正直、ここ数年製作されている彼の作品に、世間が絶賛するほどのモノは感じていませんでした。 アカデミー賞作品賞を受賞した「ミリオンダラー・ベイビー」も、絶賛されるのはさもありなんとは思うけれど、個人的には決して好きな作品ではなかった。 何となくやり方のあざとさが鼻に付くと言うのか・・・イーストウッド監督作品は絶賛しなければ映画好きとは呼べないとでも強要されているような気分になって、手放しで誉めたくない人だったんですよね。 ・・・まあ単なる天邪鬼なだけなんですが(苦笑)
でも本作はツボったなぁ! 何て言うのか、静かで地味な作りでしてね。(←いきなりこの言い方もちょっとどーよ?滝汗) 出演している役者でも名前を見て判るのはイーストウッドご本人しかいない。しかも映画序盤の彼ったら、頑固で嫌味でその上とてつもない人種差別主義者、全く箸にも棒にも掛からないような食えないクソ親父(苦笑)
それが、隣家と関わりを持つようになって(と言うか、勝手に隣家が関わってきた)勝気で聡明でキュートな女の子・スーと生きる目的を見失って迷走している青年・タオの姉弟と交わるようになってから、ほんの少しずつクソ親父が覚醒して行く。 ・・・でも相変わらず言う事嫌味っぽくて食えないんだけど(笑)
エピソードの見せ方が実に上手くてね。 全体の話のネタ的には結構ドス黒いんだけど、意外な事に実にコミカルに仕立てている。何度も笑わせてもらった。 特に隣家のバーチャンとの絡みは最高ですよ!床屋の親父とのやりとり、更にタオに「大人の男・指南」する為に床屋に連れて行くくだりなんていいですよぉ〜♪ 当に枯れてるお年頃(←変な言い方)の親父なんだけど、ちょっぴりスーに萌え♪な様子も何とも微笑ましかったり。
そしてコミカルネタとシリアスネタを交互に被せる事で、タオやスー達への思いが深まる様子をそつなく見せたり、親父のささやかだけど確実に変わっていく心境を観客に上手に提示していたと思います。 コイツの存在って必要あるの?とすら最初思っていた「童貞牧師(こら)」までもが、全て必要不可欠にして絶対無二の存在だったと後に思わせる。 全てのピースに無駄がない。

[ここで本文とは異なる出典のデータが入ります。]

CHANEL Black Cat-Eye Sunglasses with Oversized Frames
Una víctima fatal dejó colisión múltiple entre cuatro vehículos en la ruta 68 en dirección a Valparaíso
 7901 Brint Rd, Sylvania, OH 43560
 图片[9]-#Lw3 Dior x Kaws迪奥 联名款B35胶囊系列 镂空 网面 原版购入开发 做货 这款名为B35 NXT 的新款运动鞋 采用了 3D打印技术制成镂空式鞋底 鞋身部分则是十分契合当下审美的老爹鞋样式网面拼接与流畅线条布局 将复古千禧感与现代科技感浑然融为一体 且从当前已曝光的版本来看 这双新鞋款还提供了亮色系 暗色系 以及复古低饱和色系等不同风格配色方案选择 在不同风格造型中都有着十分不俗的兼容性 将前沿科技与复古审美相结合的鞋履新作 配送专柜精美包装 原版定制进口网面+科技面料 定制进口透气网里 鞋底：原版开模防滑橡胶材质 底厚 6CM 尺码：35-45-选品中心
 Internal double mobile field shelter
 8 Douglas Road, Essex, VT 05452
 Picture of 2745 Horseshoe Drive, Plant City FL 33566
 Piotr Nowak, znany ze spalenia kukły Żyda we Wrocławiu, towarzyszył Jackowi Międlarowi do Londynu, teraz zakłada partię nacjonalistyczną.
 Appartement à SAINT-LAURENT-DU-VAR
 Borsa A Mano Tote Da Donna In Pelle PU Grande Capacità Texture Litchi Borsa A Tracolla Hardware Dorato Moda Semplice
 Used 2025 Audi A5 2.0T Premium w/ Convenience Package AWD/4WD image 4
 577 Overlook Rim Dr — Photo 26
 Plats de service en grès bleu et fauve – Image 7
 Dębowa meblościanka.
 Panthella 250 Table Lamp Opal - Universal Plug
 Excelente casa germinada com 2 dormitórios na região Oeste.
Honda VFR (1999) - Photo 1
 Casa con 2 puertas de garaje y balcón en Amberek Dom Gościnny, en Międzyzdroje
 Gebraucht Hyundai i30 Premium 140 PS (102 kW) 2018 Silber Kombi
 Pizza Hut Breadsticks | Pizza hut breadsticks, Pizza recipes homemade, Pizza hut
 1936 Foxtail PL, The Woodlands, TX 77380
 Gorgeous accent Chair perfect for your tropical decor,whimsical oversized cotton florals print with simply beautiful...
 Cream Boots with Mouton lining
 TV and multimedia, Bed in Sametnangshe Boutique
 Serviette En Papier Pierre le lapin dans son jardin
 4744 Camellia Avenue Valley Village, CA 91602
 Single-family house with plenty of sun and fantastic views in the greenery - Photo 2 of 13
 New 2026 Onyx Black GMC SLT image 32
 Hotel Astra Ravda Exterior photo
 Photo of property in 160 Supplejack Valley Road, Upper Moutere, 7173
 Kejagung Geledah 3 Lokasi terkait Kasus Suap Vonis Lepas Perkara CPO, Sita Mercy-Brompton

そして全てのピースが観客の心に血を通わせ、心豊かにし、深い感慨を呼び起こす。
「意外な結末」と宣伝しているみたい?なんですが、察しのいい人ならウォルトが吐血しているという状況、その上新しいスーツを仕立てに行くくだりで彼が何を考えているのかが判るだろうと思います。 と言うか、もし自分がウォルトの立場だったら、ウォルトのような過去を持ちつつ生き長らえていて、そしてこの状況になったら自分は何をしてやれるだろうか?自分ならどうするだろうか?・・・と考えた時、ぴよもウォルトと同じ事をするだろうと映画を見ながら考えていました。そして結末も正しく想像した通りでした。
決して大団円のめでたしめでたし、ではない。 けれどそこに「魂の救済」があった。タオもスーも救われた。タオはこれからはきっと前を向いて信念を貫ける、粋な大人の男になれるに違いない。そして何よりウォルトが一番救われただろう。 「自己犠牲」とか「偽善」とか、そんな風に思わないで欲しい。この話で一番救われたのはウォルト自身だろうと思う。
久し振りに心の底から「いい映画を見たなぁ」と思える作品でした。DVD発売したら永久保存版として購入決定だな!